In BoulderCodeHub/CRSSIO: Package to Manage the Input and Output of CRSS Data

knitr::opts_chunk$set(
  collapse = TRUE,
  comment = "#>"
)

Introduction

CRSS has several required inputs, including natural flow, demands, physical parameters (e.g., reservoir evaporation rates), as well a representation of each reservoir's operating policy. This vignette demonstrates how to use CRSSIO to generate the required natural flow inputs. CRSS requires intervening natural inflow at 29 locations throughout the Colorado River Basin (CRB); additionally, there are two other required inputs that approximate hydrologic conditions in the Sacramento River Basin and in the Colorado Front Range.

CRSSIO includes a method for generating the inputs related to the Sacramento River Basin; the method to generate Colorado Front Range data is available in another form and will be integrated with CRSSIO in the near future.

This vignette starts with a quick setup guide and then demonstrates the functionality using two examples: one that relies on historical data and the index sequential method (ISM) and another that assumes the user has created an entirely new data set for the 29 CRB sites.

Sacremento River Basin Input

CRSS requires Sacremento Water Year Hydrologic Year Type indexes to run. These indexes are used to model a representative range of Intentionally Created Surplus (ICS) creation and delivery for MWD. The indexes are integer values from 1 to 5, where 1 represents a critical year in the Sacremento Basin, 2 a dry year, 3 a below normal year, 4 an above normal year, and 5 a wet year.

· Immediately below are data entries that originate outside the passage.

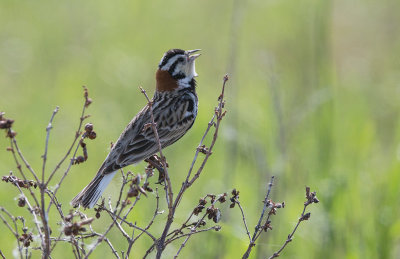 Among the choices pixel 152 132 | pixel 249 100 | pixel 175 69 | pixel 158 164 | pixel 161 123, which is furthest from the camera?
pixel 249 100

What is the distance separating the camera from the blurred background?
17.1ft

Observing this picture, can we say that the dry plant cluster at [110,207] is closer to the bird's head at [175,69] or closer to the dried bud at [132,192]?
the dried bud at [132,192]

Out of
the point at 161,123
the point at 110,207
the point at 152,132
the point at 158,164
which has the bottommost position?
the point at 110,207

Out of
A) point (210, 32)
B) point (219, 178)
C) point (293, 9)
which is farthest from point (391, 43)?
point (219, 178)

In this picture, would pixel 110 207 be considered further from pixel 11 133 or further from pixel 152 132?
pixel 152 132

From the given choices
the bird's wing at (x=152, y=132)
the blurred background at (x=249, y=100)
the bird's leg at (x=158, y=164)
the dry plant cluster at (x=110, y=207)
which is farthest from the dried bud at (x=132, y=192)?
the blurred background at (x=249, y=100)

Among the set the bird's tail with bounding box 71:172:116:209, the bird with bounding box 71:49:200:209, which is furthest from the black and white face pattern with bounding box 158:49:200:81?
the bird's tail with bounding box 71:172:116:209

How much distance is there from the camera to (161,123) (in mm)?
4758

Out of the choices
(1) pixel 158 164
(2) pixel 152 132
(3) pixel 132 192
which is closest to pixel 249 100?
(2) pixel 152 132

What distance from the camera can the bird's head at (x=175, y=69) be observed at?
506 centimetres

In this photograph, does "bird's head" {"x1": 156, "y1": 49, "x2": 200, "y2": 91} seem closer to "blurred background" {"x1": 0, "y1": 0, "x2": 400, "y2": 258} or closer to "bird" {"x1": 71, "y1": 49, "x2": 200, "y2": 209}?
"bird" {"x1": 71, "y1": 49, "x2": 200, "y2": 209}

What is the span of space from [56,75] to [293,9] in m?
3.37

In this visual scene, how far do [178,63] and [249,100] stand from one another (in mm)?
3380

The historical record of is available at http://cdec.water.ca.gov/cgi-progs/iodir/WSIHIST. Typically MWD's ICS logic in CRSS creates ICS in moderately wet and wet years, takes deliver of ICS in critically dry and dry years, and is ICS neutral in moderately dry years; however, this and the volumes of creation/delivery can vary between CRSS releases/models.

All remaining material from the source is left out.